Caption-style text data >>

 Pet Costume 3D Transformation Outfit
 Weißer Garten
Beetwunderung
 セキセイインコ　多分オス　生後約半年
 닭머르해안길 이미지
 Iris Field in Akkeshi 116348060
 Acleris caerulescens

What you should do >> The lines to output run from the one containing "Beetwunderung" to the last line of the entries; give them back exactly.

Solution to the exercise >>
Beetwunderung
 セキセイインコ　多分オス　生後約半年
 닭머르해안길 이미지
 Iris Field in Akkeshi 116348060
 Acleris caerulescens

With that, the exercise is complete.